Oneday, saya menjalani ujian mata kuliah Manajemen Strategi di salah satu Universitas Swasta di Yogyakarta. Saya tidak berniat untuk menyontek atau memberi contekan saat itu. Apalagi pengawasnya terlihat galak, killer, atau apapun itulah sebutannya. Setengah jam waktu berlalu saya gunakan untuk mengerjakan soal sebaik-baiknya dan yang terpenting, sebisanya. hehe. Setelah satu berlalu, tiba-tiba teman saya memanggil saya dari samping dan bertanya jawaban salah satu nomor di soal ujian itu. Saya tidak berpikir panjang, seakan buta akan keadaan, saya menjalankan akan trik saya memberi contekan padanya. Belum sempat memberi contekan padanya, teman saya yang lain berbisik pada saya dan meminta jawaban soal pada nomor yang sama. Refleks karena kebetulan teman saya yang pertama belum menoleh, jadi saya memberi contekan pada teman saya yang kedua. Entah karena memang sial, karena kebodohan, atau karena nyentriknya teman saya yang berbisik tadi, si pengawas killer melihatnya dan menghampiri saya dan teman saya yang kedua. Saya pun berpura-pura serius mengerjakan soal. Tapi apa boleh buat, ternyata yang dilakukan pengawas itu mencatat nomor ujian kami berdua dan membawa barang bukti yang ada.
Praktis saya yang notabene tidak suka mencari masalah dan tidak mau bermasalah, shock berat menghadapinya.
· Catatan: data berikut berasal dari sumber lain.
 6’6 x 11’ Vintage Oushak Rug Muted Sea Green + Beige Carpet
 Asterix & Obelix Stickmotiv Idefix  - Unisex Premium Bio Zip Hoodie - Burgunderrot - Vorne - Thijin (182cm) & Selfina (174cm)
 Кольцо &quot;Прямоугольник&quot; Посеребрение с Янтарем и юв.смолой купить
Wajar saja jika selesai ujian, tangis itu tak tertahankan dan jatuh ke pipi saya yang manis ini setelah sebelumnya saya menyangkal pada pengawas kalau saya melakukan kecurangan. =')
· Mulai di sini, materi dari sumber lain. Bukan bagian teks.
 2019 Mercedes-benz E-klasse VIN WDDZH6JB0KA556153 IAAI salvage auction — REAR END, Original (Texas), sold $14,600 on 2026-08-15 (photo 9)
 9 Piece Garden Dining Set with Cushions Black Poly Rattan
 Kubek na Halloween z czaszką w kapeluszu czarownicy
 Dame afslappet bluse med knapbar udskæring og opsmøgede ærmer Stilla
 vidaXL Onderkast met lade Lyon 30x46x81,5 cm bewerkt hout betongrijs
Menyangkal, ya, menyangkal. Satu sikap itu yang mengganggu pikiran saya. Kenapa saya harus menyangkal. Kenapa saya tidak mengaku. Tidak cuma itu yang mengganggu pikiran saya, akan tetapi juga nilai saya yang terancam mendapat nilai E.
Saya terus mencari jalan keluar meskipun saya sudah lemas memikirkannya saja. Jalan keluar itu saya cari dengan bertanya kesana kemari, dan akhirnya pertanyaan saya berakhir pada seorang teman saya yang mengatakan bahwa saya harus ber-TANGGUNGJAWAB terhadap apa yang telah saya lakukan. Dia mengatakan, jika saya berani berbuat sesuatu yang ber-RISIKO itu, harusnya saya pun harus BERANI menerima AKIBATNYA. Salah satu teman saya yang lain setelah itu pun berkata sama, dengan menyarankan saya untuk TANGGUNGJAWAB. Dia juga menyarankan saya untuk menghadap dosen yang bersangkutan dan mengakui semuanya.
Berdasarkan pengalaman ini, saya belajar untuk mengenal lagi makna TANGGUNGJAWAB.